--- Recorded information ---
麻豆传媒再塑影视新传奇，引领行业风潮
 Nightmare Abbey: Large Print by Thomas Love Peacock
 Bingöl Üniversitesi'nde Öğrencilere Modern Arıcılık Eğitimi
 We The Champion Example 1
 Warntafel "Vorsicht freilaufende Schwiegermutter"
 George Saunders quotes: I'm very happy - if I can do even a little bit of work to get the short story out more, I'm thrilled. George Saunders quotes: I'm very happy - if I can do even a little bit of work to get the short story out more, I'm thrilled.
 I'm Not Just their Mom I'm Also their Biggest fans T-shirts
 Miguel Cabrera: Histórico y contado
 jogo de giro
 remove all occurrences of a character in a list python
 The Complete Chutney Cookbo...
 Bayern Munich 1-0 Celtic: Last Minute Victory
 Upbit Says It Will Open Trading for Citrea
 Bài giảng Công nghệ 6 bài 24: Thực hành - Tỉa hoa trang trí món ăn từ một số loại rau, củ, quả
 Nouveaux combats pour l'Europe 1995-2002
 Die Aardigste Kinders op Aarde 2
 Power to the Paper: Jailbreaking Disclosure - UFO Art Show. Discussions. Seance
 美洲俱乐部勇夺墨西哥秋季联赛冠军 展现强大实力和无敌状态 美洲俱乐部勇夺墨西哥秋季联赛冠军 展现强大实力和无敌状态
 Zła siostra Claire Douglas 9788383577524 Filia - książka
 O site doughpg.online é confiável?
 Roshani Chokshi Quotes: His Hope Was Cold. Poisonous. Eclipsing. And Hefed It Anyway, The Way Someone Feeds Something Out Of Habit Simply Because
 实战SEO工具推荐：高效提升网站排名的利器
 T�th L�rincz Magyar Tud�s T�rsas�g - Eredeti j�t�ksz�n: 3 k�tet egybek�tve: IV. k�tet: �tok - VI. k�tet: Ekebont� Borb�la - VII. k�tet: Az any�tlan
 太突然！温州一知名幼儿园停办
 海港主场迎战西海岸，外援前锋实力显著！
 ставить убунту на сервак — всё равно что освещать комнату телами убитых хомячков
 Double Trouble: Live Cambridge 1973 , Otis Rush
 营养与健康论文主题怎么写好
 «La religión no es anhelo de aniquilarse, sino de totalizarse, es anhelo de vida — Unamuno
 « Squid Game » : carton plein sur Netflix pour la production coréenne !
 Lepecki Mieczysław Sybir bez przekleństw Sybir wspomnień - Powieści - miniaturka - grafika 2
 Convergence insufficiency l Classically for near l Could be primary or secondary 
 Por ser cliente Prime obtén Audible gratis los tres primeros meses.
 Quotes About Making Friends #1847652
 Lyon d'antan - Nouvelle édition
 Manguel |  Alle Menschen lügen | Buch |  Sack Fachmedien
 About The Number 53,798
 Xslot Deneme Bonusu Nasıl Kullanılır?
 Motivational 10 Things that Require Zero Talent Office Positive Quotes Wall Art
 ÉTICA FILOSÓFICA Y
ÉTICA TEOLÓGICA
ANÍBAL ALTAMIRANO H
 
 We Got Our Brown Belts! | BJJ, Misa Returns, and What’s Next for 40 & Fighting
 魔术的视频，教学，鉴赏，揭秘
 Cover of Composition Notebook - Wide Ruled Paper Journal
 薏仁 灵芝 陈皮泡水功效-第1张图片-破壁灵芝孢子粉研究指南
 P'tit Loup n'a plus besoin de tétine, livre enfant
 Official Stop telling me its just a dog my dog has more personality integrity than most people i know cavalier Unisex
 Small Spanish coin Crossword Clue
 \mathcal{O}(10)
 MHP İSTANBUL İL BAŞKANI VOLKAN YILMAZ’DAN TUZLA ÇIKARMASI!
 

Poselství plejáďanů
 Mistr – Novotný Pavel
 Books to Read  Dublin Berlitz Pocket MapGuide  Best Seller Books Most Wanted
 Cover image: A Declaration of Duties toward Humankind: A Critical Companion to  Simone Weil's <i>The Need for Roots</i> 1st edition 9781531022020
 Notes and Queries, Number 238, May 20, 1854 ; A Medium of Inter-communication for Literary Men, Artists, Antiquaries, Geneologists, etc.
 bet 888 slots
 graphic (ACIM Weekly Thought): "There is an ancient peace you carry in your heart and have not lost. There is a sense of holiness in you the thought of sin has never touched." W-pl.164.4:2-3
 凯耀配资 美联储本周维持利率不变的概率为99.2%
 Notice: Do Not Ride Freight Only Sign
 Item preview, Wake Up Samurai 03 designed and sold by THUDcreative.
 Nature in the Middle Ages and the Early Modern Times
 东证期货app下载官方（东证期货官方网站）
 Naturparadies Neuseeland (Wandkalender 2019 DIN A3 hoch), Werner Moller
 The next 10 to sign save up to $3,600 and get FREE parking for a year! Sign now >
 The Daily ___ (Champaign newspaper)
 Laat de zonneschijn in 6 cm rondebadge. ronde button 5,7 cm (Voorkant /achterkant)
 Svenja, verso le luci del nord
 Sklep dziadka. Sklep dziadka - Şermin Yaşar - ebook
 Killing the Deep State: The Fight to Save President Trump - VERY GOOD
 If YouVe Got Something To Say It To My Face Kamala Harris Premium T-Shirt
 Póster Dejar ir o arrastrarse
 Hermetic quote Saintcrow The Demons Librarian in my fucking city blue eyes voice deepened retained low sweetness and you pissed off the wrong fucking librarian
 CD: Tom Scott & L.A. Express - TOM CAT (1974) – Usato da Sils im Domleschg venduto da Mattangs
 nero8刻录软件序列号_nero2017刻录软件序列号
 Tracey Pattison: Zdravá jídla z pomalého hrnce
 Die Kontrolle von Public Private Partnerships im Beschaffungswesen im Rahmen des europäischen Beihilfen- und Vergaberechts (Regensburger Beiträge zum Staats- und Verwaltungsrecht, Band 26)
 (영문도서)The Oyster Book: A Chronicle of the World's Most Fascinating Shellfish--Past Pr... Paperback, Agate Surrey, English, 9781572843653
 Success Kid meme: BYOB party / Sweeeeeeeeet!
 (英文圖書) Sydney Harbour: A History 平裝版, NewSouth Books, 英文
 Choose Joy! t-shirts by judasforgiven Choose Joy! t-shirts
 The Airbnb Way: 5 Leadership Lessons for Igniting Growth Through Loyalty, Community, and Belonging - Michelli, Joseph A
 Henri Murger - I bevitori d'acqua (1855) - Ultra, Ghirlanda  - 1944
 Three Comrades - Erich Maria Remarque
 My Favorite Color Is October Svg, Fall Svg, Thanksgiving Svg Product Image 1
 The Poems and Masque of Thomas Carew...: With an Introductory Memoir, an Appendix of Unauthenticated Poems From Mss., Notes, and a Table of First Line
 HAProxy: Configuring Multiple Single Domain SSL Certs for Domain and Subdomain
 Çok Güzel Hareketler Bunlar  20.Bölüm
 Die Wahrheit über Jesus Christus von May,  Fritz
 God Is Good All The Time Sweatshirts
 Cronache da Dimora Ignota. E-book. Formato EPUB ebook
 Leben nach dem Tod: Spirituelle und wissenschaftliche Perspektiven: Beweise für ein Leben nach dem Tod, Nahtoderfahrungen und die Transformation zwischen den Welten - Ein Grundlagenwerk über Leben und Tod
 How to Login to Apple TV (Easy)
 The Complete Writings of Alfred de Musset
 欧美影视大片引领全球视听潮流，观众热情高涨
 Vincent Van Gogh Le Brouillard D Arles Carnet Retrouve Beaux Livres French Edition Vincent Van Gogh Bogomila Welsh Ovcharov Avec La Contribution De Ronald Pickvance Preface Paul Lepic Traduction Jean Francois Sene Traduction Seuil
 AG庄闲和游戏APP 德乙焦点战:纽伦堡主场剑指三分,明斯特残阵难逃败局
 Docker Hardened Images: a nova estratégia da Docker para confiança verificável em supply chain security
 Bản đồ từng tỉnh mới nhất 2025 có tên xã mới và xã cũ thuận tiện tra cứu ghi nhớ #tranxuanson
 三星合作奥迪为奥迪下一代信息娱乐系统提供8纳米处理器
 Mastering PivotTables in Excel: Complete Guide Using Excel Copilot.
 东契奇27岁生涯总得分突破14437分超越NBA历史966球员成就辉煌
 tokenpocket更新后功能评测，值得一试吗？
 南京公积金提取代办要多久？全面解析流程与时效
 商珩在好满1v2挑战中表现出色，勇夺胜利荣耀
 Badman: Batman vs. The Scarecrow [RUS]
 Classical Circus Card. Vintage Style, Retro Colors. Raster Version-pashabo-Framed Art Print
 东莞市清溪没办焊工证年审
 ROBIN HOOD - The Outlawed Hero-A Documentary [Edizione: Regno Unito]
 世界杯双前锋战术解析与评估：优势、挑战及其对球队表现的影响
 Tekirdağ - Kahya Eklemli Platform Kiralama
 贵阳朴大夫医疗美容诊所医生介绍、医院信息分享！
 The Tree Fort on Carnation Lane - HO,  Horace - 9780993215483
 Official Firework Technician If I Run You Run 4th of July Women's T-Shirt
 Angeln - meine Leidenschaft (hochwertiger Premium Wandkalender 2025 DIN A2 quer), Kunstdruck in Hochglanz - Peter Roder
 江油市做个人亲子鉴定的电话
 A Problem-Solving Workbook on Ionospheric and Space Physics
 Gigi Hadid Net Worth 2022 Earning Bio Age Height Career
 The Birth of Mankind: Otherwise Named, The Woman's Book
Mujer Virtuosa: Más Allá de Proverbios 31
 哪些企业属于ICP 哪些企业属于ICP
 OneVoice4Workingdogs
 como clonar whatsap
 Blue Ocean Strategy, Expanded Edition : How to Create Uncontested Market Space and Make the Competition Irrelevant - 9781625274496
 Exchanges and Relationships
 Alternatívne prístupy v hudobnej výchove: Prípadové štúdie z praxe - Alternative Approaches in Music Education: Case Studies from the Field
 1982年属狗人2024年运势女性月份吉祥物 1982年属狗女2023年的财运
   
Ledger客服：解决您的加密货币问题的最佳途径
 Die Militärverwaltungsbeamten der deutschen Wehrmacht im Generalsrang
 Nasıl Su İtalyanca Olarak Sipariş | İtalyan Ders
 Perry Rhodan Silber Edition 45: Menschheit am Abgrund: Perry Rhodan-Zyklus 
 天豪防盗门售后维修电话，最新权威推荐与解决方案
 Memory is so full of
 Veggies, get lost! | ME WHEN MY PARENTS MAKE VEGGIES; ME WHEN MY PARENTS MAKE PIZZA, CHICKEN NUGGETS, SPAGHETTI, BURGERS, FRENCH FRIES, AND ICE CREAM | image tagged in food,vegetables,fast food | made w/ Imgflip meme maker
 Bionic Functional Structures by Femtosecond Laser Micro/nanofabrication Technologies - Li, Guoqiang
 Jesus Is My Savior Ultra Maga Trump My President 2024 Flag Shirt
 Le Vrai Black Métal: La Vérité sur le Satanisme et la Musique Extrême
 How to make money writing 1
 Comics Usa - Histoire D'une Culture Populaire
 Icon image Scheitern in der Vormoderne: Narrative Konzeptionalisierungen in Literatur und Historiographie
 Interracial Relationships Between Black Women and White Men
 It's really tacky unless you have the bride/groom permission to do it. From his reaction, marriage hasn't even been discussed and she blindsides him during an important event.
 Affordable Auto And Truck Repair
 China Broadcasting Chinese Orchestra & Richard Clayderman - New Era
---
- **Instructions for the task**: From the material above, set down exactly the lines starting at the one with "Cover image: A" and ending at the one with "bet 888 slots", end lines included.

- **Exercise answer**:
 Cover image: A Declaration of Duties toward Humankind: A Critical Companion to  Simone Weil's <i>The Need for Roots</i> 1st edition 9781531022020
 Notes and Queries, Number 238, May 20, 1854 ; A Medium of Inter-communication for Literary Men, Artists, Antiquaries, Geneologists, etc.
 bet 888 slots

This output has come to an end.